Step 4: Check layer visibility and opacity. If you modify layer properties with events (setting visibility or opacity), ensure those changes do not carry over to the next layout unintentionally.

// Reset layer visibility on start of each layout
+ System: On start of layout
  -> System: Set layer "Game" visible
  -> System: Set layer "Game" opacity to 100
  -> System: Set layer "UI" visible
  -> System: Set layer "UI" opacity to 100

You can also use the scripting API to diagnose layer state:

// JavaScript: Debug layer visibility on layout start
runOnStartup(async runtime => {
    runtime.addEventListener("beforelayoutstart", () => {
        for (const layer of runtime.layout.getAllLayers()) {
            console.log(`Layer "${layer.name}": visible=${layer.isVisible}, opacity=${layer.opacity}`);
        }
    });
});

Why This Works

Each fix targets a different point in the layout transition pipeline:

Fixing “On start of layout” errors allows the layout initialization to complete.

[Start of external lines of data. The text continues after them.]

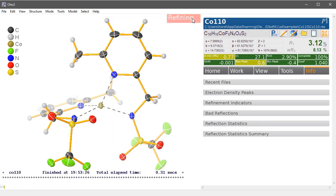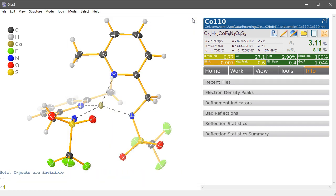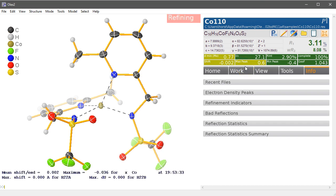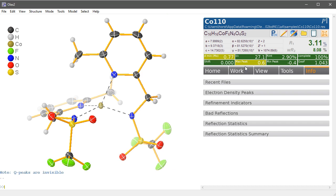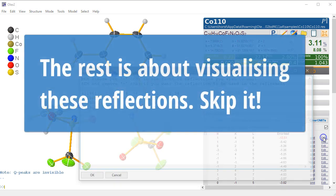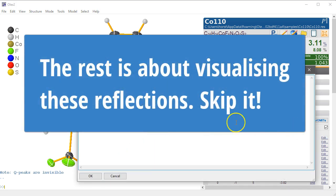So if we refine this now, we have a slightly lower r factor. We haven't omitted the whole reflection, but we have kept reflection in but omitted the one offending part. But the odd thing is here, if you now actually look at the bad reflections, it's actually back and it's worse than before. I'm not entirely sure what that means.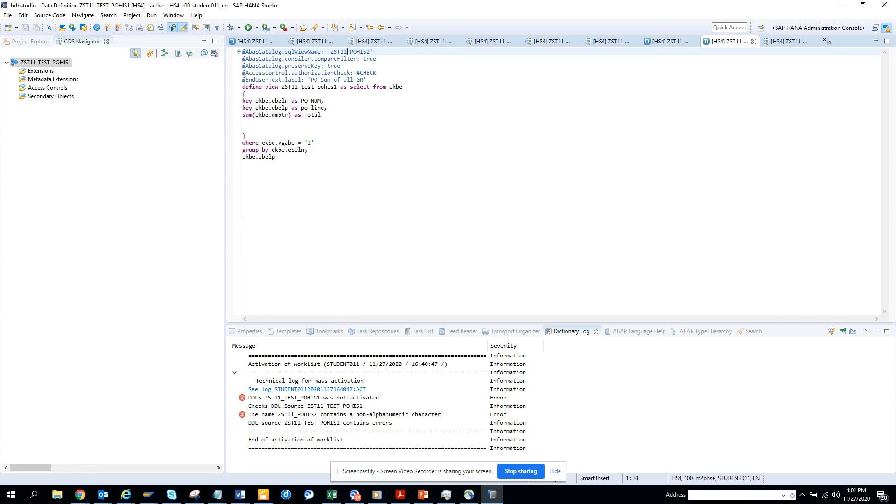So that's it, stay tuned to my SAP channel. We created our first CDS views with the SUM aggregate function. That's it, stay tuned to my SAP channel and happy SAP learning. If you like it, subscribe to it and share it, and have a great day.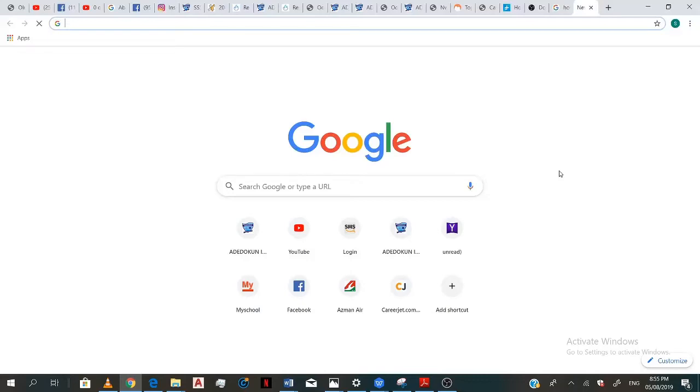Hello, so here is a video tutorial on how to use the ADDOC International School website to check your results, view your assignments, and also view your newsletters.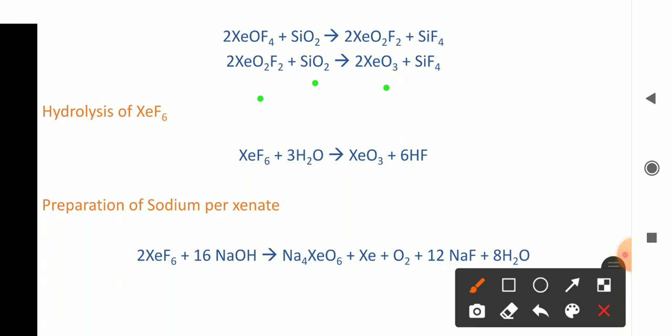The third chemical property is the hydrolysis of XeF₆. When XeF₆ is hydrolyzed using water molecules, the product is xenon trioxide (XeO₃) along with the formation of hydrogen fluoride (HF). So XeO₃ is the hydrolyzed product of XeF₆.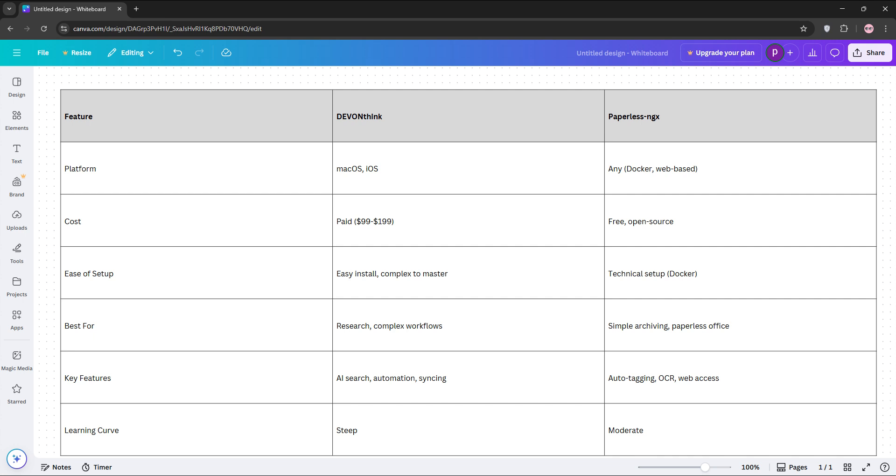DevonThink's proprietary and pricier, while Paperless NGX is free but needs server setup. Here's a quick comparison. Choose DevonThink for heavy-duty knowledge management on Mac. Pick Paperless NGX for flexible budget-friendly document archiving across devices.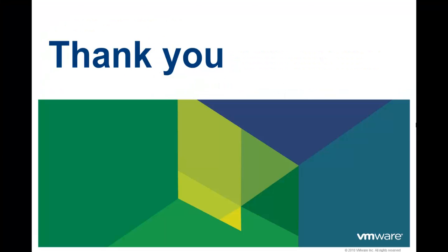Thank you for taking the time to watch this video. We hope that it was informative. To learn more about vCloud Automation Center, there are additional videos available.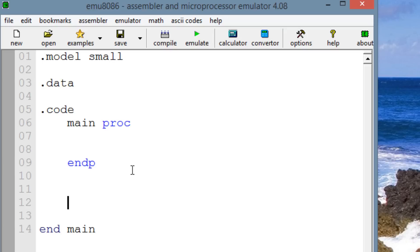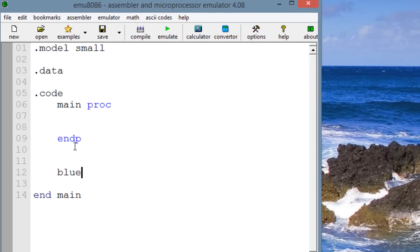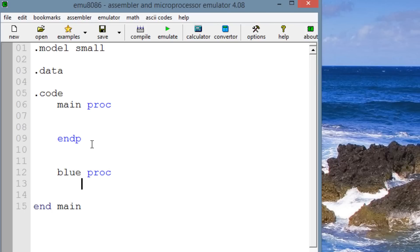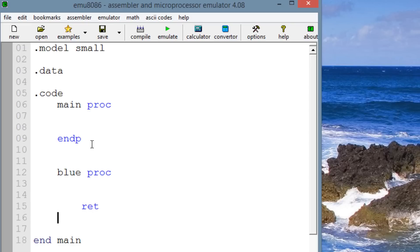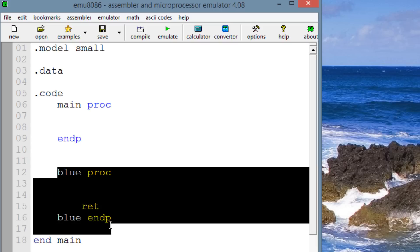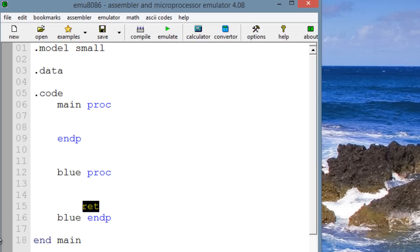We can create our own procedures. We just have to first give our procedure a name — I'll call mine 'blue'. Then we type in PROC, like the main procedure. Hit enter a few times, then we have to type in RET. Then we hit enter, hit backspace a few times, then we type in our procedure name, which is 'blue', then ENDP for end procedure. So since we created a new procedure, we have to have this RET before the 'blue ENDP', or before the procedure name ENDP.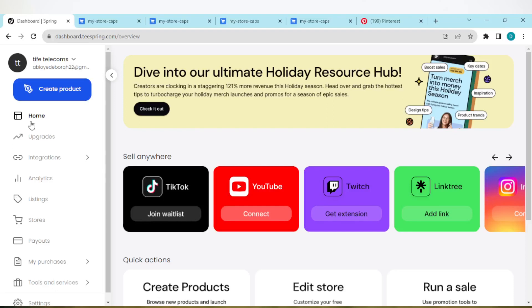How to connect Twitter to Teespring. Hi guys, welcome to today's tutorial. In this tutorial, I'll be showing you how you can connect Twitter to Teespring. To connect Twitter to Teespring is not difficult. Just ensure that you have your Twitter URL available.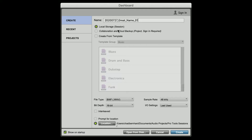Choose Local Storage. That way you're storing the session on your computer locally, on your local hard drives, and not using the Avid Cloud, which has limited storage and also charges a certain fee. And make sure to keep the Create From Template option unchecked.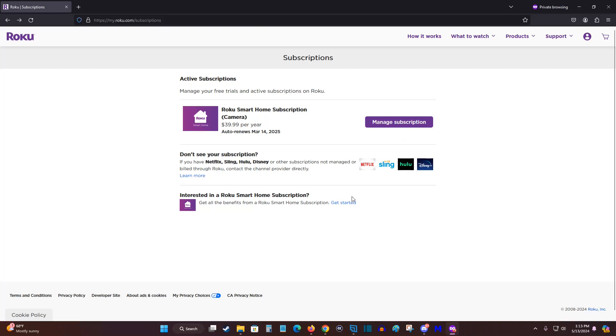And if you'd like to pause or cancel any subscriptions that you have active that's billed through Roku, and it shows up in your active subscriptions area here, again, you can just click on where it says manage subscription, and then go through the steps to cancel that subscription option.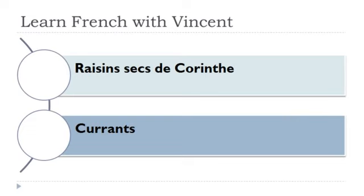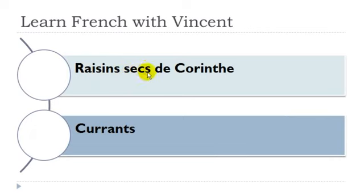Raisin sec de Corinthe. Raisin masculin. And so you've got the adjective here, sec de masculine form and the plural because you've got this final S. Okay, raisin sec de Corinthe.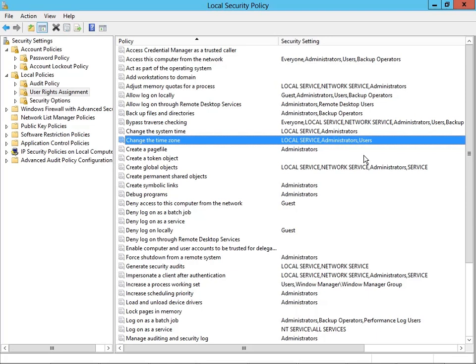This is part of the access control system and a good example of authorization. This is Tony Northrup for TrainSignal, and thanks so much for watching this video lesson.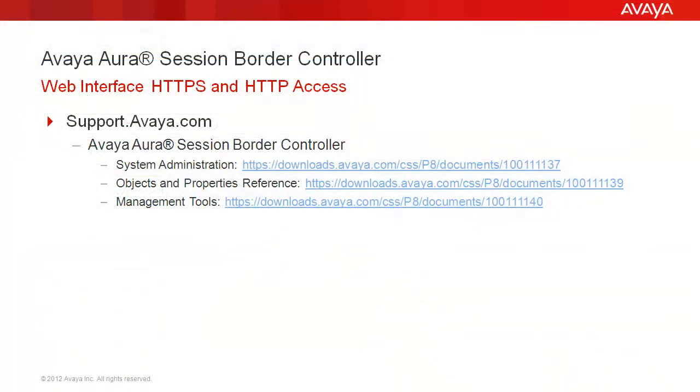For additional information on SBC Administration, reference Avaya Aura Session Border Controller documentation on support.avaya.com, including the system administration, objects and properties reference, and management tools guides.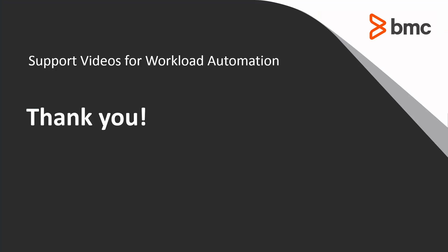This concludes this Control-M Solutions video. Please see our Knowledge Base and YouTube channel for more videos like this.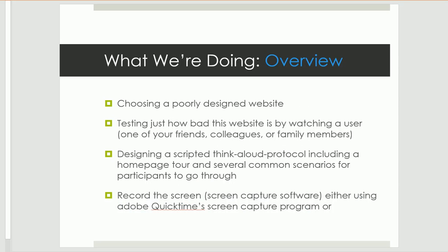A big component in this unit, besides writing the two papers, is actually running a usability test. Assignment 4.1, the first paper, is due on July 24th, Sunday by 11:59 p.m. Assignment 4.2 is due on the last day of class, August 4th, by noon. Keep that in mind because most major assignments have been due by 11:59 p.m., so there is a change there.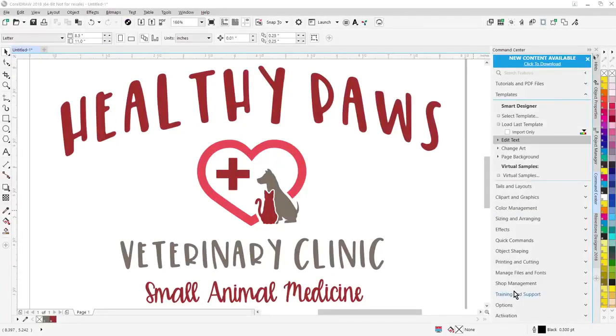I'm going to run you through some of the improvements we've made in this latest version of Smart Designer Pro, Smart Designer Pro 2018.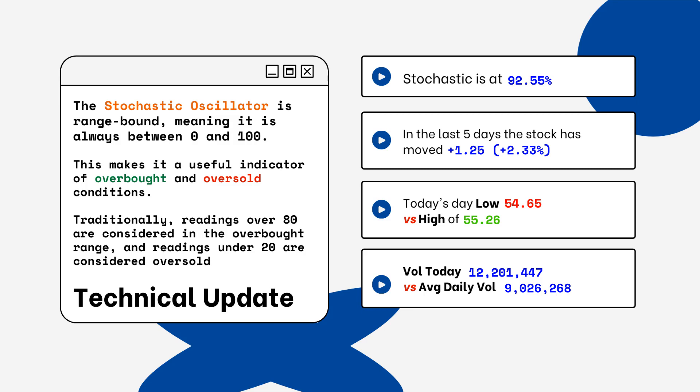Readings below 20% are considered oversold. You want to be aware of this when looking at a particular stock. We've also provided today's volume of shares traded and also the average daily volume. You want to see how much volume is being traded and if it is above or below the average daily volume level — this tells you how relevant the move is from the stock today.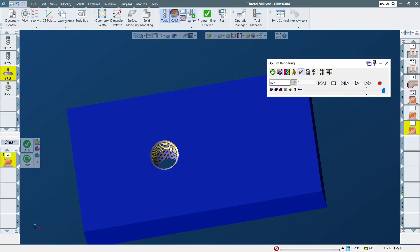That's it for this video. As you can see, it's very easy to make any tap hole with GibbsCAM. Maybe next time I'll do an NPT thread and a metric tap hole as well. Make sure you subscribe to my channel, hit the like if you liked it, and comment below if you have suggestions. See you guys next time, bye!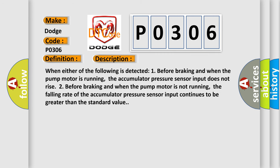When either of the following is detected: One, before braking and when the pump motor is running, the accumulator pressure sensor input does not rise. Two, before braking and when the pump motor is not running, the falling rate of the accumulator pressure sensor input continues to be greater than the standard value.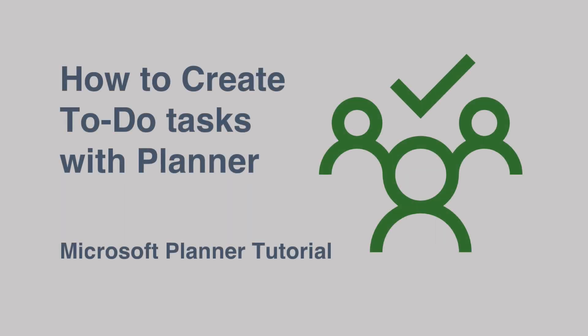Hello, it's Matt. Welcome to Collaboration Coach. In this video, we're going to look at how you can create to-do tasks from Microsoft Planner.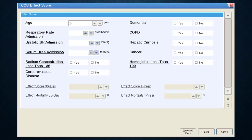Clicking the EFFECT Score button opens the EFFECT score form, which asks questions about the patient's age, admitting vital signs, blood work, and past medical history such as dementia, COPD, cirrhosis, and cancer. These are just drop-down menus and yes/no buttons. Once selected, the EFFECT score mortality at 30 days and 1 year is automatically calculated. Then click Save and Close to complete the form and move on.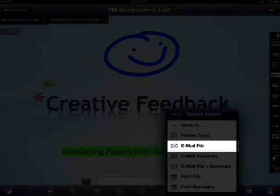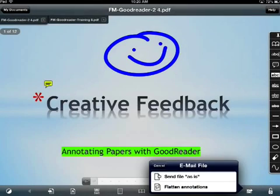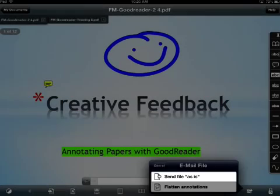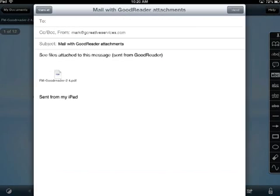I want to select 'Email File', and then I want to send the file as is. What I don't want to do is flatten this annotated file, because by doing so the person receiving the document will lose some of the comments or feedback that you've provided for them. So make sure you send it as is.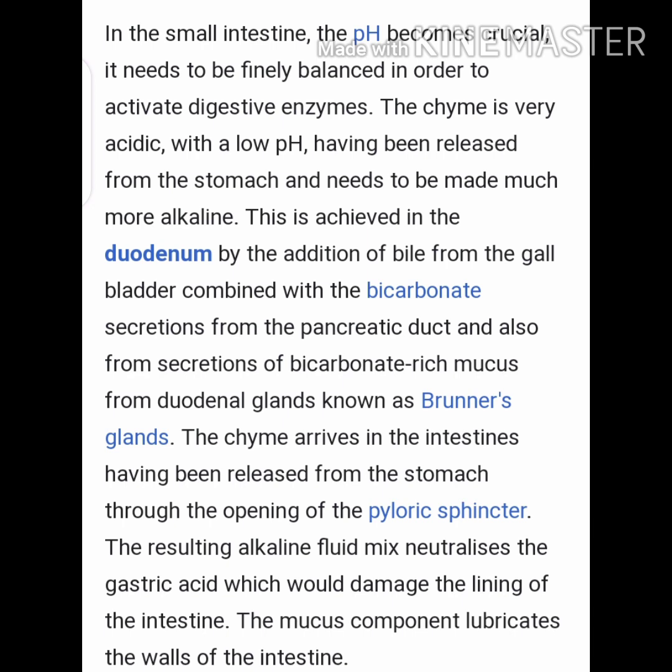The chyme is very acidic — a low pH — having been released from the stomach, and it needs to be made much more alkaline. This is achieved in the duodenum by the addition of bile from the gallbladder, combined with bicarbonate secretion from the pancreatic duct, and also secretion of bicarbonate-rich mucus from the duodenal glands known as Brunner's glands. The resulting alkaline fluid mix neutralizes the gastric acid, which would otherwise damage the lining of the intestine.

The black screen occurs because an error halts execution midway through the setup. Once the error is resolved, all objects get positioned and rendered correctly on the first frame.

Ensuring objects exist on the layout prevents silent failures. Construct 3 does not throw an error when you reference a non-global object type that has no instances — it simply skips the action. By placing instances or creating them dynamically, you guarantee the actions have something to operate on.

Loader layouts solve the timing problem. They give Construct 3 time to load textures and assets into memory before the player sees the layout. Without a loader, the engine tries to render sprites that have no texture data yet, resulting in invisible (black) rendering.

Layer visibility resets ensure a clean state. Since global layers persist across layout transitions, any visibility or opacity changes from the previous layout carry over. Explicitly resetting these properties guarantees a known visual state.

"The browser console is your best friend when debugging black screen issues in Construct 3. If the layout is truly loading and just not rendering, the answer is almost always in the console output."

Related Issues

If objects disappear unexpectedly rather than the whole layout going black, see our guide on Construct 3 ‘Object Not Found’ error after destroying instances. If your audio stops working after a layout transition, Construct 3 audio not playing in browser covers the autoplay policy and audio context issues that commonly appear after layout changes. And if animations break on the new layout, Construct 3 animation not playing or stuck on first frame addresses the common causes.

F12 is the first step. Always check the console.